O comparativamente escasso leque de armamento, que permanecia no
essencial um reflexo do poder muscular humano, era extremamente
limitado, e esse facto, aliado à dimensão dos exércitos, garantia ao
general a possibilidade de ocupar uma posição a partir da qual poderia ver, durante a batalha, tudo o que se relacionava com os exércitos,
o seu e o do inimigo. A visibilidade só estava condicionada pelo terreno, pelo estado do tempo e pela capacidade do olhar humano, sem
o benefício do mais simples objecto óptico, como um óculo.
Os comandantes romanos tinham, pois, a capacidade de dirigir
as operações a um nível muito mais directo e pessoal do que é possível nas guerras mais recentes. Em campanha ou durante as batalhas
e cercos, os generais romanos mantinham uma intensa actividade,
passando muito do seu tempo próximo do inimigo, com risco de ferimentos ou morte por projécteis ou súbitos atacantes.
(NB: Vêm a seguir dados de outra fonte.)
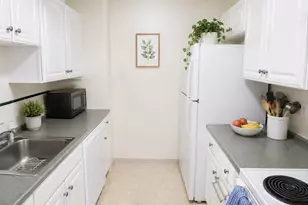 49 Marion St, Brookline, MA 02446 - Photo 7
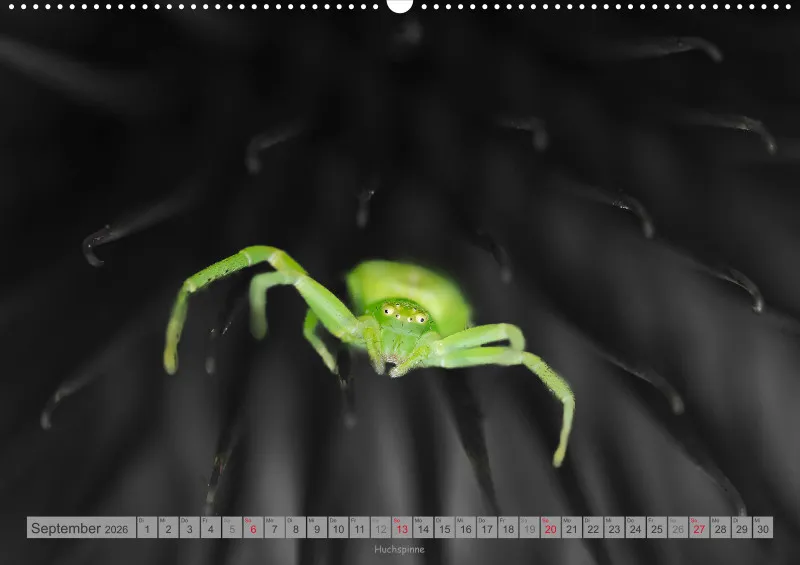 Colorkey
Embora já não
fossem líderes nos moldes heróicos de um Alexandre, estavam de certo
modo próximos dos seus homens, partilhando a dureza da campanha,
de um modo que poderemos considerar como caracteristicamente
romano. Fosse qual fosse a realidade política e social, persistia o ideal
do general como um concidadão, como um companheiro de armas
(commiles), que comunga com o exército uma empresa comum13.